§ How to complete this task: Would it be possible to write out each entry below exactly, without the pictures?

§ Data excerpts:
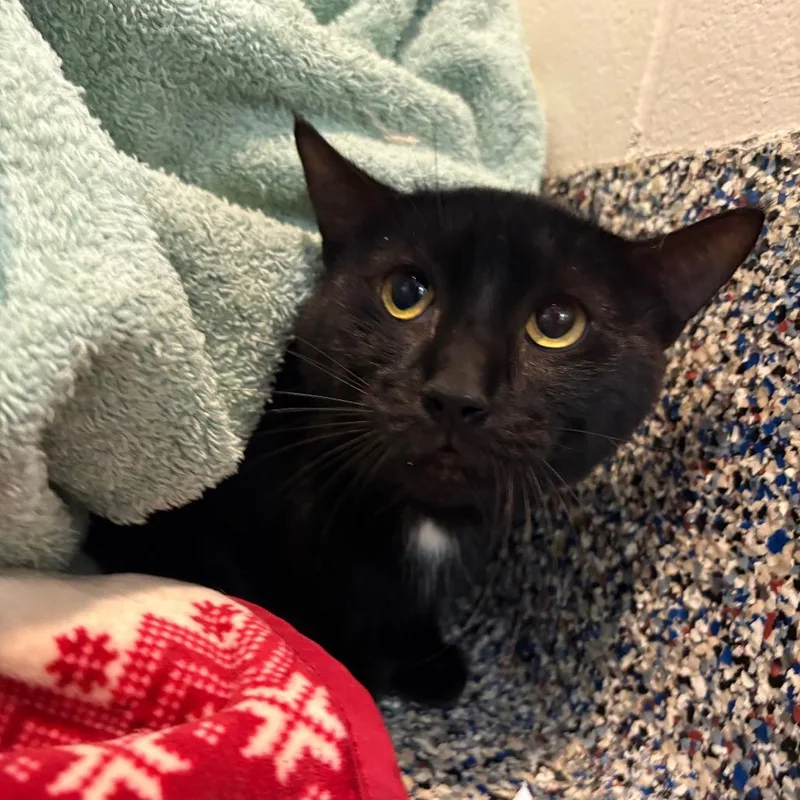An adult medium-sized male Domestic Short Hair cat named Pearl Fryar for adoption in Fairport, NY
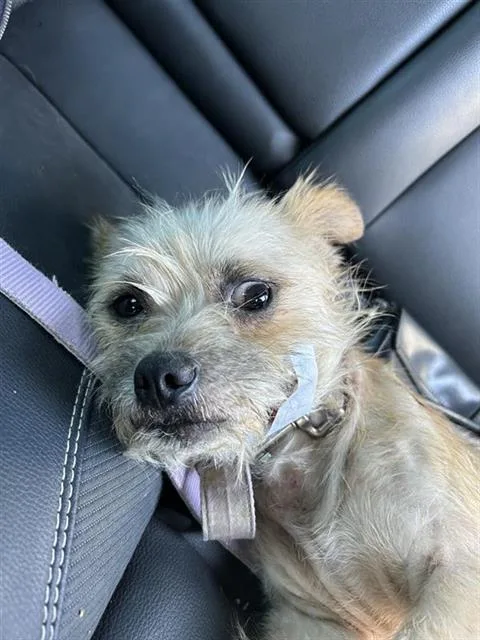 An adult small-sized male Terrier dog named Mojo Jojo for adoption in San Antonio, TX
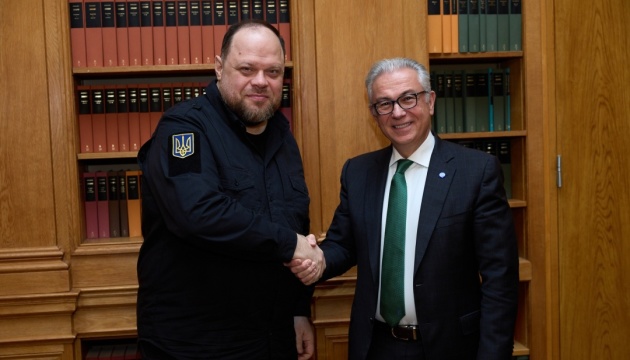 Стефанчук обговорив із президентом ПАРЄ мирні ініціативи і спільну позицію щодо майбутніх переговорів
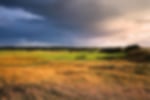 Venue - st-andrews-new-11th-2275916x611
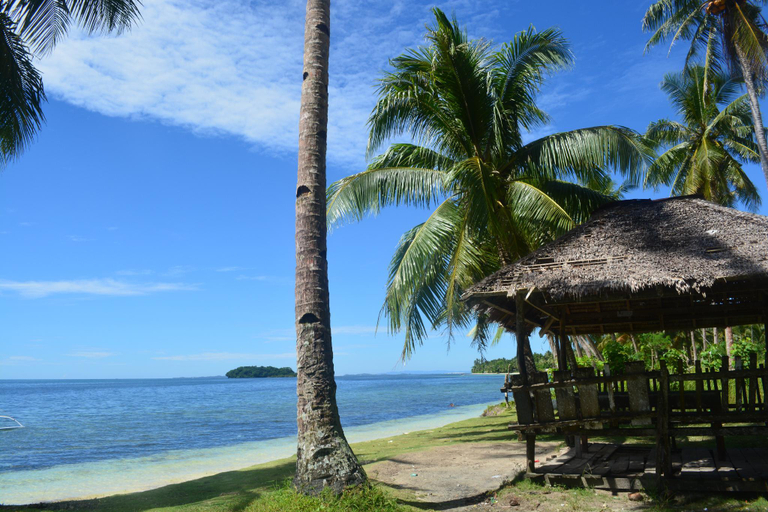 Others 3, Yayay house 1(1fl)..starlink/kichen,1min to beach, General Luna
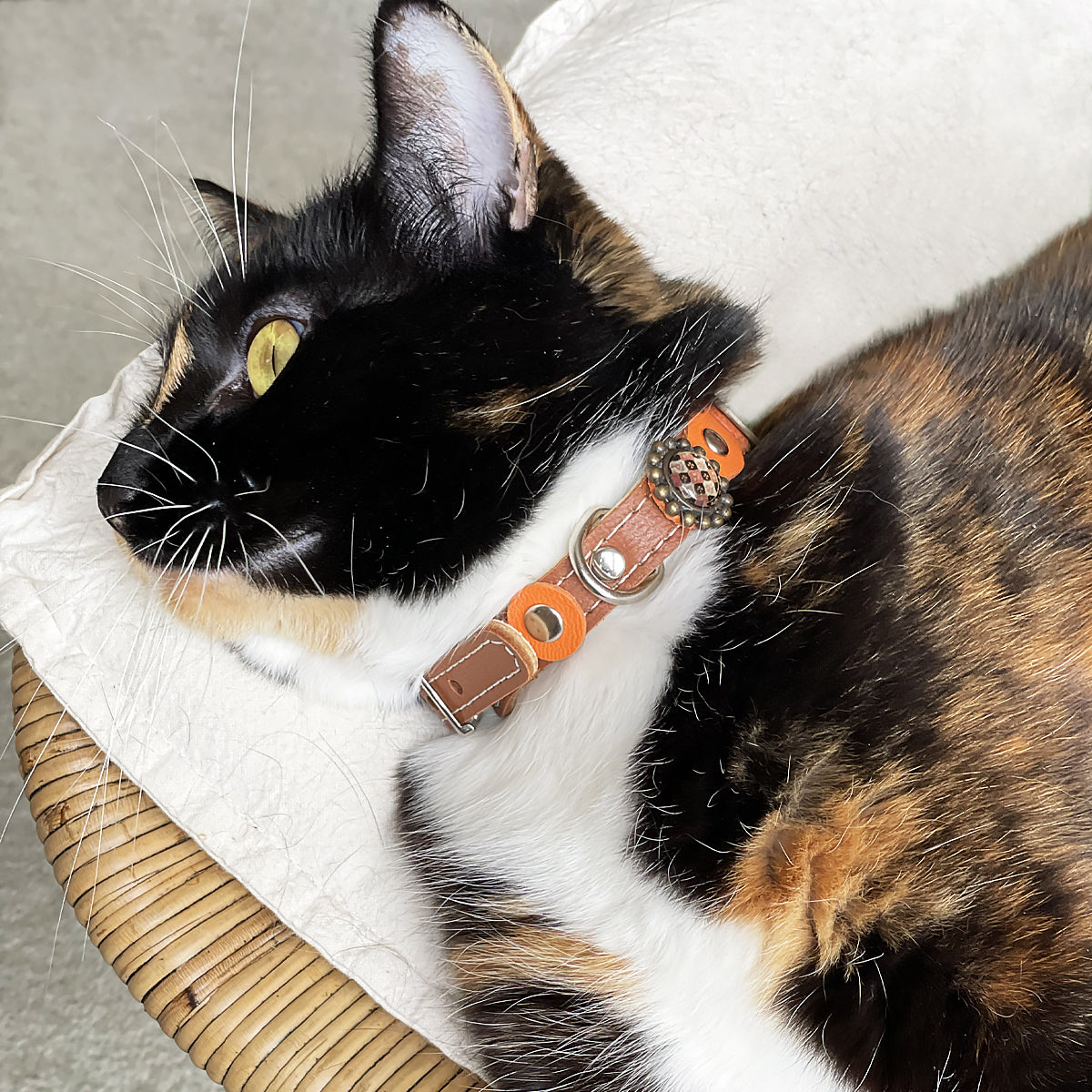 Superpipapo Luxury Leather Cat Collar, In Brown & Orange With Studs, Stones & Hand Painted Ornaments | at Made Moggie
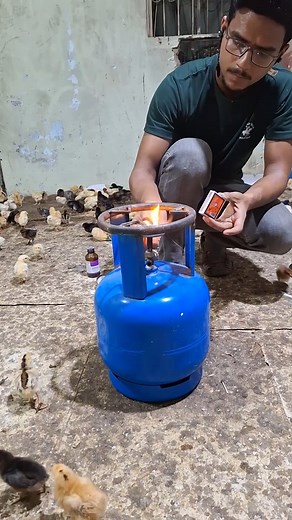 248K views · 1.3K reactions | Desi Chicken Farming Small Scale At Home Day 4 ❤️ . . . #reelsinstagram #minivlog | H Waleed Ahmed | Facebook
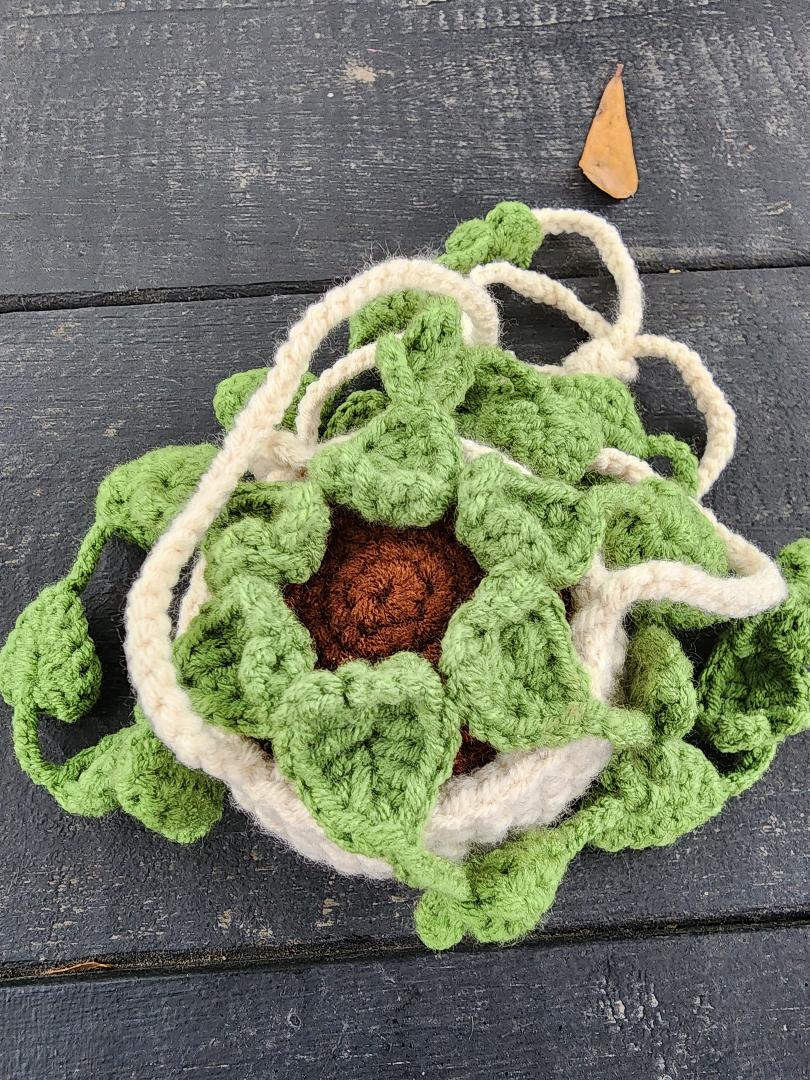 Crocheted Hanging Plant Deodorizer - DONNA'S DESIGN OF HANDMADE ITEMS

§ Output for this exercise:
An adult medium-sized male Domestic Short Hair cat named Pearl Fryar for adoption in Fairport, NY
 An adult small-sized male Terrier dog named Mojo Jojo for adoption in San Antonio, TX
 Стефанчук обговорив із президентом ПАРЄ мирні ініціативи і спільну позицію щодо майбутніх переговорів
 Venue - st-andrews-new-11th-2275916x611
 Others 3, Yayay house 1(1fl)..starlink/kichen,1min to beach, General Luna
 Superpipapo Luxury Leather Cat Collar, In Brown & Orange With Studs, Stones & Hand Painted Ornaments | at Made Moggie
 248K views · 1.3K reactions | Desi Chicken Farming Small Scale At Home Day 4 ❤️ . . . #reelsinstagram #minivlog | H Waleed Ahmed | Facebook
 Crocheted Hanging Plant Deodorizer - DONNA'S DESIGN OF HANDMADE ITEMS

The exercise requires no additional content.